Surf Air Mobility Inc. (NYSE:SRFM) Q4 2023 Earnings Call Transcript

Ido Gruberger: Hello everyone. The only thing I would add is the initial STC will be applied even to new aircraft as they’re rolling off the line. If you have a customer that’s bought from Textron directly a one powered Caravan EX that SEC will be initially applied after the aircraft has been constructed. So it would’ve been rolling off the line as a Caravan EX rolling into a hangar next door and having the STC apply to it. That’s the initial state. The next state of that. And part of what we’re doing is in our relationship with Textron and the coordination of the STC development with Textron as we’re holding hands with them so that this phase is short as possible, but that next phase will be them ingesting our STC into the TC and making it what was called in the industry aligned fit.

So you apply the STC as if it were part of the TC, and that could happen as early as six months after we have the STC and that really depends on how good a job we do at the, at the coordination of that.

Stan Little: And that would be a Textron decision and a Textron issue, not internal to Surf Air, just to clarify. Did that answer your question, Ben or did you have anything else?

Ben Johnson: That’s great.

Operator: Your next question comes from David Vernon with Bernstein.

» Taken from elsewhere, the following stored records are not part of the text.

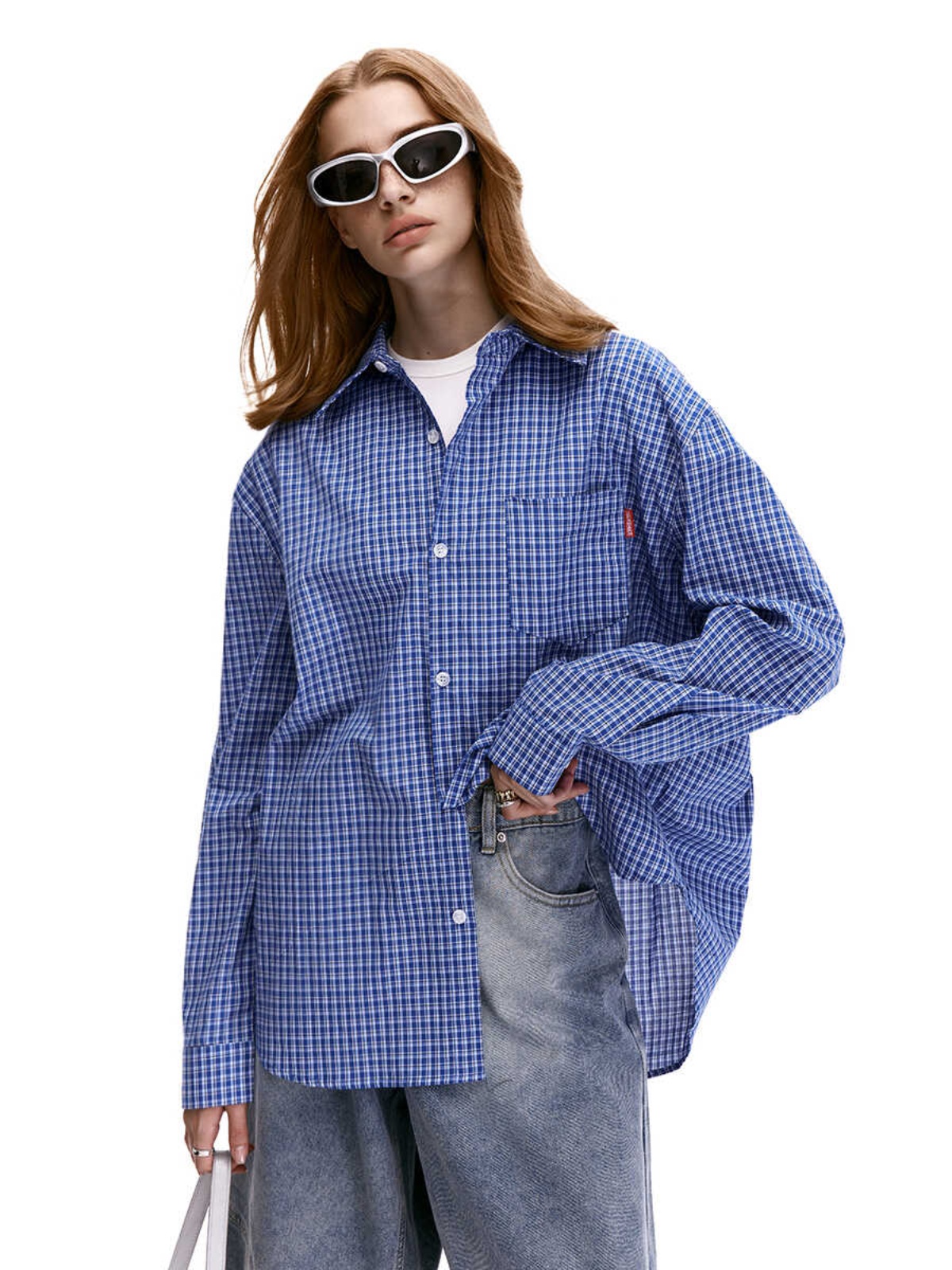 Retro Blue Plaid Long Sleeve Shirt for Men and Women - Loose Casual American Streetwear Outerwear Top, Y2K Style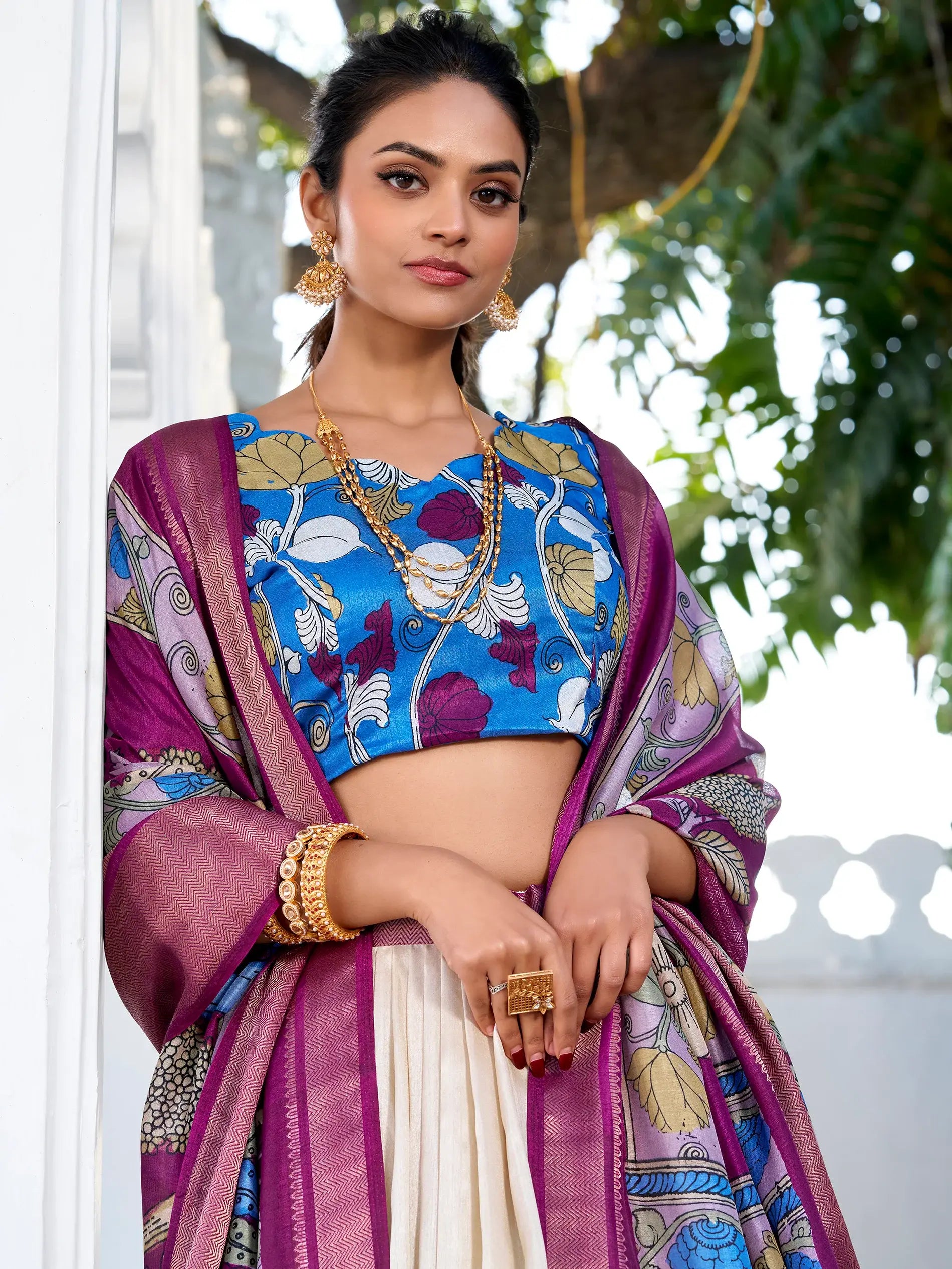Wonderful Off-White Kalamkari Printed Silk Navratri Wear Lehenga Choli - Zeel Clothing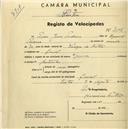 Registo de velocípede com o nº 2108, em nome de Pedro Jesus Pedroso, morador em Lourel.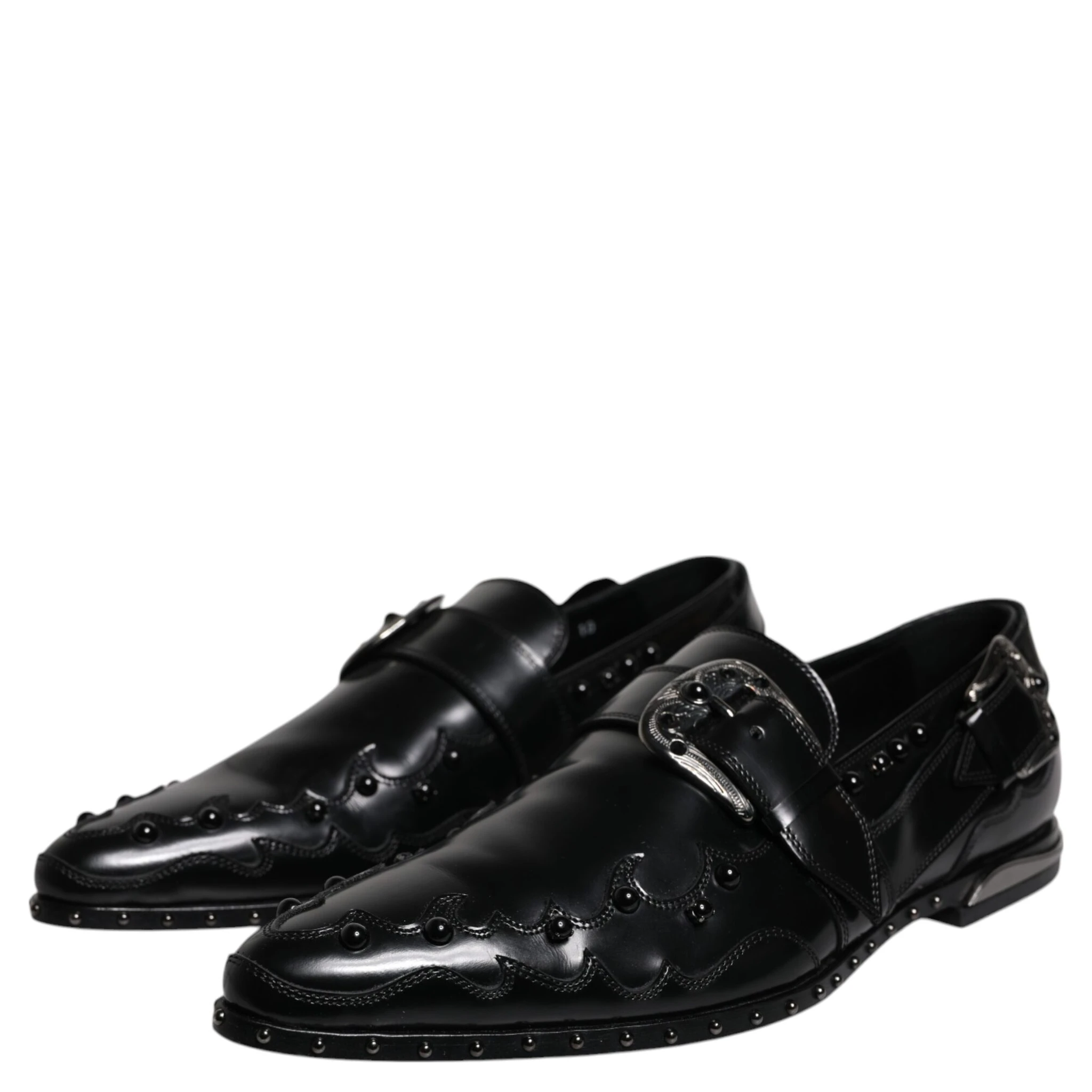Black Embellished Derby Monk Strap Shoes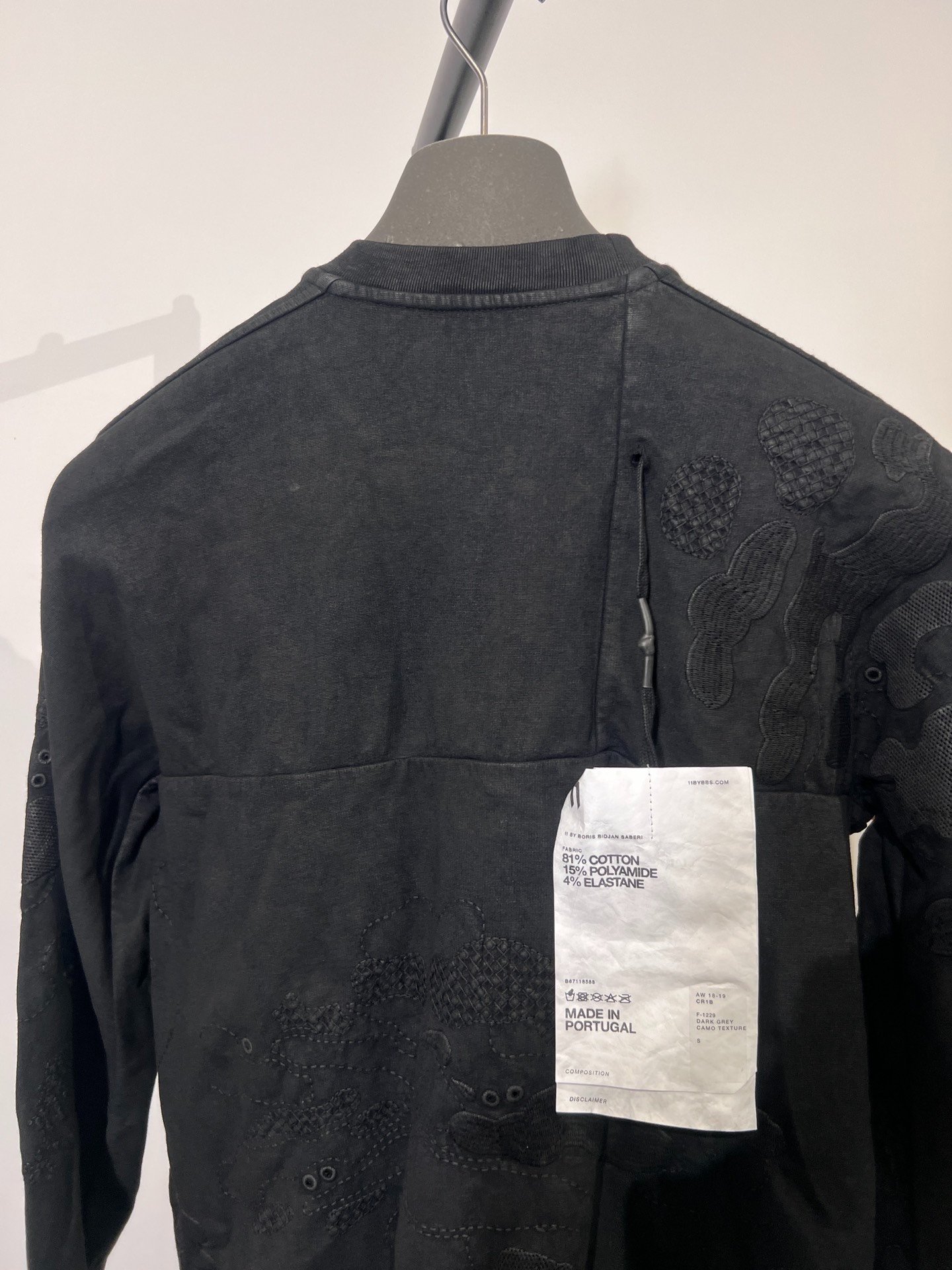 Boris Bidjan Saberi Wax Coated Crewneck Sweatshirt — back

David Vernon : Couple questions for you. First, is there a comp for the $29 million in 1Q revenue that you expect? And is there a way to think about whether the top line in ‘24 is growth rate anyway, is better or worse than the 12% you realized on an adjusted basis in ‘23?

Stan Little : Let me hand that over to our new CFO Oliver and he can opine on both of those. Oliver?

Oliver Reeves : So you didn’t come in very well, would you just mind repeating the question?

David Vernon : Absolutely. The $29 million in revenue you’re expecting for 1Q, is there a comp for that number? Like what’s the growth rate on a year-over-year basis for the 1Q sort of like for like. And I’m just trying to get a sense for whether you think ‘24 is setting up to be better or worse than the 12% adjusted revenue growth rate you realized in 2023?

Oliver Reeves : To answer your first question, our guidance does imply some growth top line. I don’t think we’ve particularly guided to the number but somewhat similar to what you saw for the full year. And with regard to your second question, we haven’t really — I think, what I would do is I would invite you to our Analyst Day where we’ll be far more prepared to answer that question for you. We have a lot to offer there and I think that that would be a good use of time

Stan Little : We can get back to you David on the issue of the comp question, let us get back to you on that one.As you can imagine, Oliver wasn’t here this time last year and is just getting settled in. We will get back. Sorry to interrupt you. What’s your follow-up?

David Vernon : We look the comps with the merger and everything, it’s foggy. So I’m just trying to get a sense for the exit versus entry rate rates of growth. So, second question would be around, you mentioned in your prepared remarks that some of the work you’re doing on the software side is actually going to become commercializable before you are getting certification for the electric powertrains. Can you talk a little bit about what you might be able to do to further sort of stimulate the top line outside of just traditional route expansion on the software side and whether that can be meaningful ahead of electrification?

Stan Little : Absolutely. I was talking about it this morning at our Insurance Underwriters Summit here in Palm Beach. We’re always looking for a way to increase revenue without burning a single gallon of jet fuel. And because we’re an electrification company, someday we’re going to make most of our revenue by not burning a single gallon of jet fuel. But in the meantime, it’s from these ancillary sources. And one of the ones I’m most excited about is the software package. So, right now, we are actually beta testing on the southern airway side, on the operational side, the crew scheduling AI unit. And it’s really remarkable what we can do right now with AI. The AI scans emails and can detect when, if it detects a sick call on an email, it’s already looking for a replacement crew before a human being has even realized that a sick call has occurred.

Tons of things like that when you, especially when you tie in the maintenance side of it and the regulatory side of it that we’re going to really be able to take the human element and the human error rate out of this. And I think that’s something that we’re going to be able to market to other airlines with a recurring revenue component every single month. They’re paying for the license for this software. There’s also the distribution element that comes with it. I was speaking at a conference down in Panama City, Panama for operators in the Americas three or four weeks ago. And I talked to several small operators that are looking for the ability to get their tickets distributed outside of just their own website. So they how can you get us on Kayak and Google Flights and Expedia and can you potentially get us, if we’re going to do a connection with one of your airline partners, can you get us onto their website?